Wherever you are at University, there will be plenty of apple scrumping possibilities around you. I found a whole webpage dedicated to scrumpable trees in Falmouth and Penryn!
This recipe uses coconut sugar to make the salt caramel sauce, which has a lower glycemic index than normal sugar and tastes so much better. Buy online from wholesalers such as Lembas. The saltiness comes mostly from sea lettuce which is readily available around much of the coast of Britain.
1. Read my blog post on how to gather and dry sea lettuce.
2. Heat 200g/7 ounces/1 cup of coconut sugar with 110g/4oz/8tbls butter over a medium hob. Keep stirring all the time. Don’t leave it or it will burn! Once it has come to the boil, continue boiling for about 2 minutes, then remove from the heat.

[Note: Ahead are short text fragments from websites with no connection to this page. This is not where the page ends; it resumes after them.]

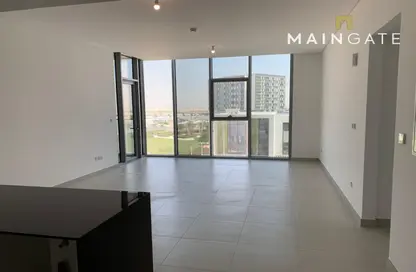 Apartment - 2 Bedrooms - 3 Bathrooms for rent in The Pulse Residence Plaza - The Pulse - Dubai South (Dubai World Central) - Dubai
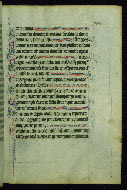 W.47, fol. 32r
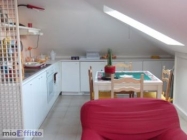 Appartamento a Pescara a 500€ al mese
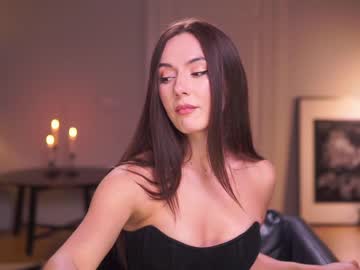 girl cam all day _mariarty_ image #6421858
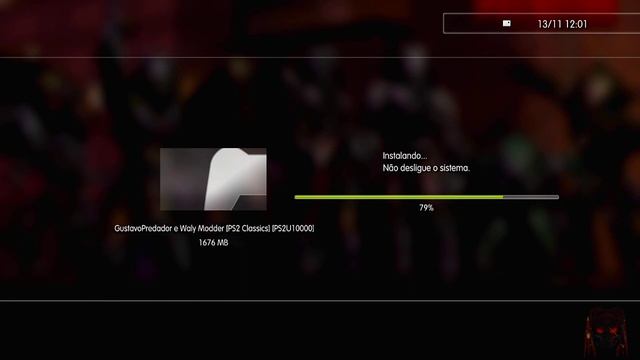 PREDATOR: CONCRETE JUNGLE RIPADO NO PS3 PKG E ISO PCSX2/PS2 OPL смотреть онлайн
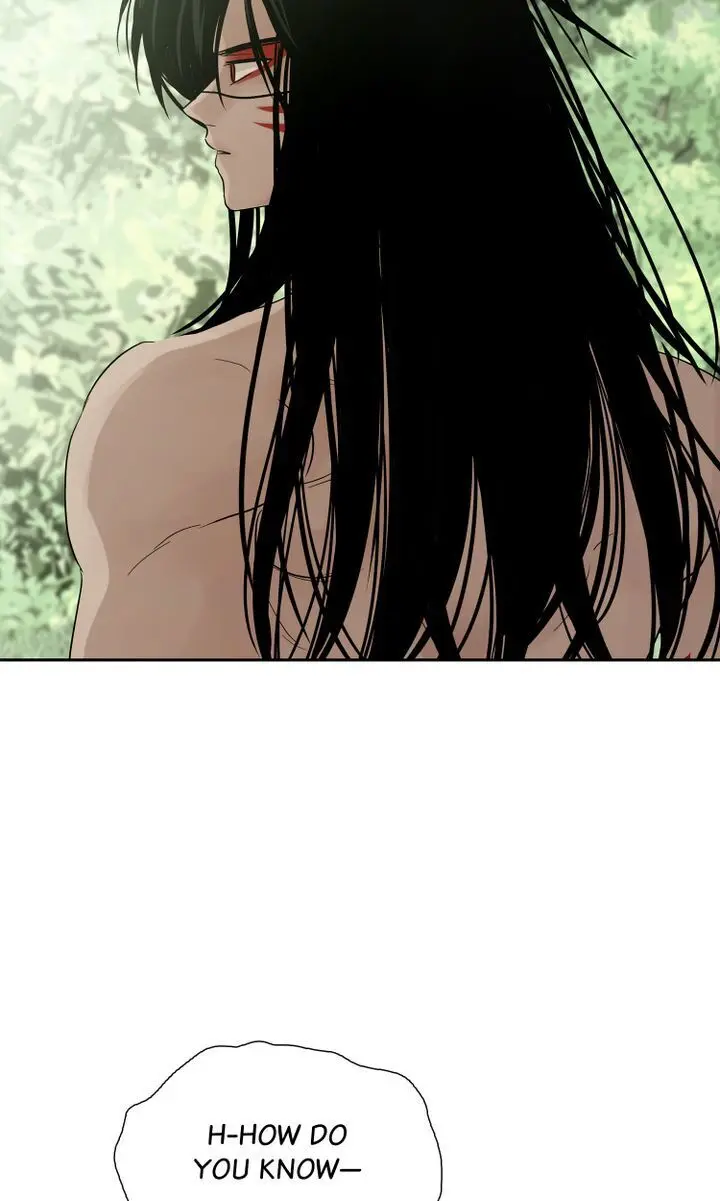 Totem Realm Manhwa Agagbb Chapter 38 - Page 70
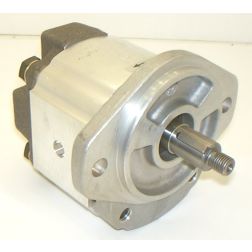 hydrauliek-online-89.jpg
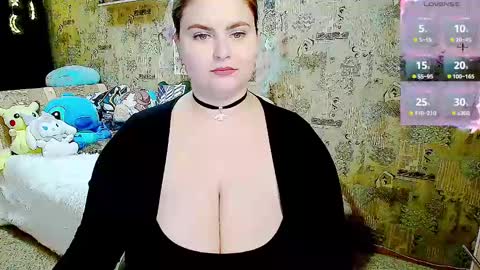 Snapshot of whisperinthedarkk chatting on March 2025 10:55:02 PM whisperinthedarkk online show from March 2025 10:55:02 PM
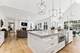 1540 N Sheridan, Lake Forest, IL 60045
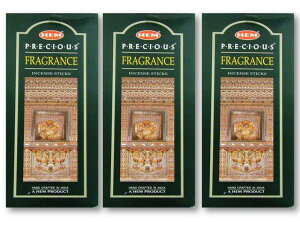 5̂̓|Cg10{IIChHEMЂ̂vVX tOXAWAG݃CZX 20{×18ZbgXeBbNAWAG yޖF XeBbN  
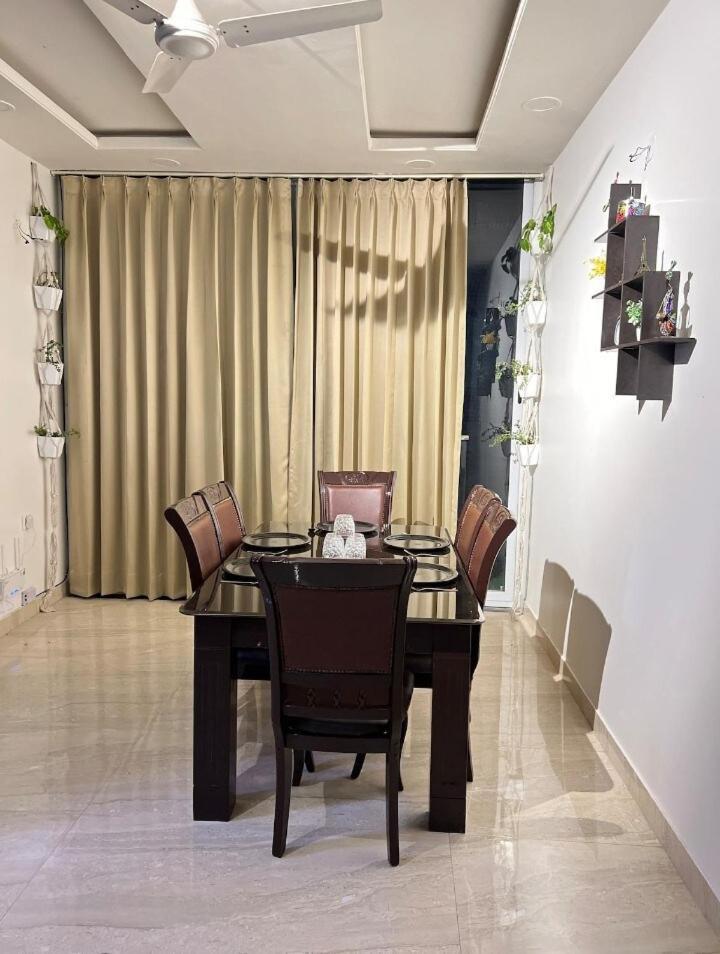 Apartment The Cozy Corner By Dreamstays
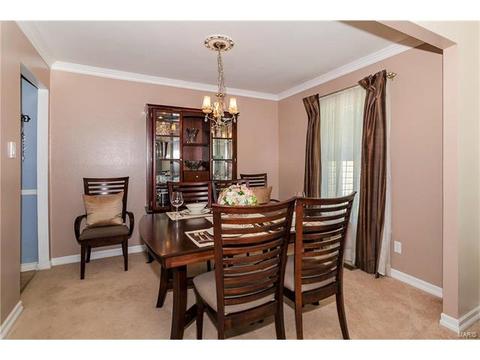 402 Palermo Dr, Ballwin, MO 63021 photo 7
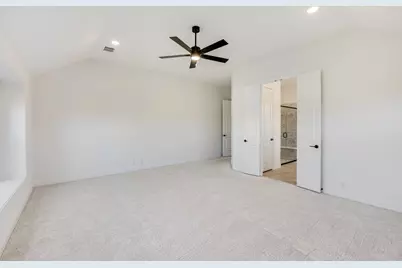 1008 Silver Sage Drive, Justin, TX 76247 - Photo 26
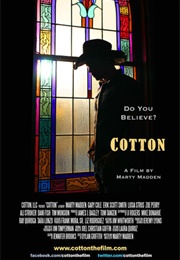 Cotton (2014)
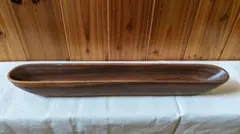 Item thumbnail for item f849c749-080a-49ca-8dd2-02214acbd10a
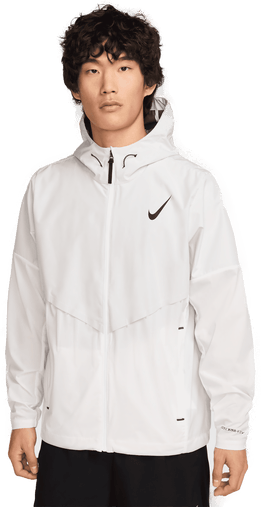 Nike AeroSwift Storm-FIT løpejakke
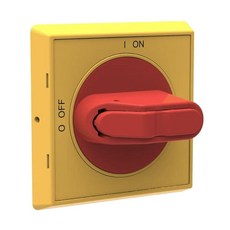 ABB OHYS2AJ 핸들 1SCA105296R1001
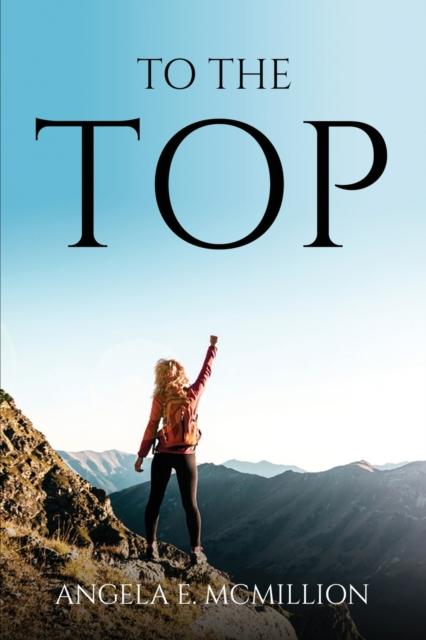 The To the Top Book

3. Add 120ml/8tbls/half a cup of cream. Double cream is best but single should work fine. Pour it in slowly and keep stirring all the time. Then bring back to the boil and continue to boil for about 10 minutes. You can tell that the sauce has thickened when you put a dribble onto something cold (I often use a jam jar lid which I leave in the freezer) and the sauce will then feel quite pliable once it hardens in contact with the cold lid.
4. Take the pan off the hob and add a few drops of vanilla extract and a sprinkle of good quality sea salt.
5. Grind up some of your dried sea lettuce and add according to taste. The emerald green specks in the sauce look very pretty.